As for Mack’s Macs, TikTok has helped it grow in subtle ways. While most of Dimatteo’s followers aren’t local, her TikTok followers have ordered from Mack’s Macs when visiting Florida. Others have told Dimatteo if she opens a physical store, they would travel to visit it and buy her products.
“It’s cool because my page is clearly reaching different people, and people who are coming here are ordering from me,” Dimatteo said. “I think in the long run, once I open a bakery, it will do even more.”
For other small businesses who are considering social media, Dimatteo has this advice: “Just do it. I wanted to post on TikTok when I first started my business and I didn’t, and I’m kicking myself for it because I could have been even further along than I am. If there’s something you’re wanting to do or to document, it’s almost wrong not to do it.”
Her advice for businesses currently on social media is to use their platforms to encourage relationships, not just sales. Though most businesses’ goal is to promote and sell products, that’s usually not what social media users want to see.
“I’m not directly selling anything on my TikTok, which is another reason why I feel like my page does really well,” Dimatteo said. “I’m not advertising and shoving it down people’s throat; I’m just trying to have fun.”
To do this, Dimatteo says she always stops and considers what people want to see.
“I try to make things that you would stop to watch while you’re scrolling,” Dimatteo said. “I’ll edit a video, and then I’ll exit my app and won’t watch it for 30 minutes.
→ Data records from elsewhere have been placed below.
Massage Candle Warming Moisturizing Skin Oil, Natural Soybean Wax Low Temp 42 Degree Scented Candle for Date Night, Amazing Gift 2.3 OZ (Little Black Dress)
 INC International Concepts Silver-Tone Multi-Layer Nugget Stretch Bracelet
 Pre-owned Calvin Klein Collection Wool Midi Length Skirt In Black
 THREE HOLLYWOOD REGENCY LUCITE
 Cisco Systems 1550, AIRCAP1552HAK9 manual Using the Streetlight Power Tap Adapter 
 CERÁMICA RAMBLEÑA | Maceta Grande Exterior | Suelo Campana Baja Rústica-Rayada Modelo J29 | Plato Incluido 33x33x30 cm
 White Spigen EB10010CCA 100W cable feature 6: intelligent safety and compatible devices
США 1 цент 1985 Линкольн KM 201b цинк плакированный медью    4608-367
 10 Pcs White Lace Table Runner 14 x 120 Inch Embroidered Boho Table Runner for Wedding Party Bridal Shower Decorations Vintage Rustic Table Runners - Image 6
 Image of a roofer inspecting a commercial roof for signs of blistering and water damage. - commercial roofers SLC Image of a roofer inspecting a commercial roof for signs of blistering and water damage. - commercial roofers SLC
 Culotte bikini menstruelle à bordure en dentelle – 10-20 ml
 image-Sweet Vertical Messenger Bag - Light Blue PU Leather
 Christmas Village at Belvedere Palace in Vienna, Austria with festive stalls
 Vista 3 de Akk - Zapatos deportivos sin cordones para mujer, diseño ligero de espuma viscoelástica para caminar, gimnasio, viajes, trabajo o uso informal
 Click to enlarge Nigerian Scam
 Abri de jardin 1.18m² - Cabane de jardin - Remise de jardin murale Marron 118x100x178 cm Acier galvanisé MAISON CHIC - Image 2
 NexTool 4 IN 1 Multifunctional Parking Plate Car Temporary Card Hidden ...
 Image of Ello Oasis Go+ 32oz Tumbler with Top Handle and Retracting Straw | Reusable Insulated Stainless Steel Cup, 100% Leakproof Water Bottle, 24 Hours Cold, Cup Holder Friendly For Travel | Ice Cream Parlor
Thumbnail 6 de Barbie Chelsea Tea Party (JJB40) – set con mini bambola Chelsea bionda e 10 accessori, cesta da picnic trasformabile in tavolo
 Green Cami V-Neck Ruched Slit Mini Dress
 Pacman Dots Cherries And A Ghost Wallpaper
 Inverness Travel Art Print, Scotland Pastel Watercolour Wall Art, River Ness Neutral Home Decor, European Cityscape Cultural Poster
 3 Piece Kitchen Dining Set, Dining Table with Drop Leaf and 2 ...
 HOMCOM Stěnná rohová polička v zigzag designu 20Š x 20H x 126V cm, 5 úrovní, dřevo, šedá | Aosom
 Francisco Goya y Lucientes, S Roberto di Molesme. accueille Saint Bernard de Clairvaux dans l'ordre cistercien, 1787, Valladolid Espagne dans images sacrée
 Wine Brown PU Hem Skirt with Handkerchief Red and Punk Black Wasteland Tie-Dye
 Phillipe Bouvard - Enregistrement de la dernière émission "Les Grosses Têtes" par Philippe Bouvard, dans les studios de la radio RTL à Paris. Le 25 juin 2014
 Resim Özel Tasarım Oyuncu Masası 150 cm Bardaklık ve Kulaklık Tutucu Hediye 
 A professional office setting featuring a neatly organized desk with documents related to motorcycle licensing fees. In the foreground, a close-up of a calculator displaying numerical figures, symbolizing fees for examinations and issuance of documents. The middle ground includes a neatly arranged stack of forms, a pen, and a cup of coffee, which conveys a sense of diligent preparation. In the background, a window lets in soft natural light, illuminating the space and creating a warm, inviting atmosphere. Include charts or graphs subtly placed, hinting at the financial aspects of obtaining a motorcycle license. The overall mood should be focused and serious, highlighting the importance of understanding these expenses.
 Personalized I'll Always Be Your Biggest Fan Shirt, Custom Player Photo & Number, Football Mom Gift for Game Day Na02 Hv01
Then I go back in to watch it, and if it’s something I wouldn’t scroll past halfway through, I’ll post it.”
As for Mack’s Macs, Dimatteo dreams of a future with multiple locations, a staff to help her manage baking and social media, and an even bigger community on TikTok.
“The playful spirit that started the business has definitely transcended further into TikTok and into the world,” Connor Dimatteo said. “I’m excited to see where she goes from here.”
Social media is quickly becoming one of the most powerful tools a business can use to promote its products. However, it can also be notoriously difficult to use effectively. For business owners and PR practitioners, Dimatteo’s story is a great example of how adaptability, good nature and a determined spirit are the perfect ingredients for a successful social media presence.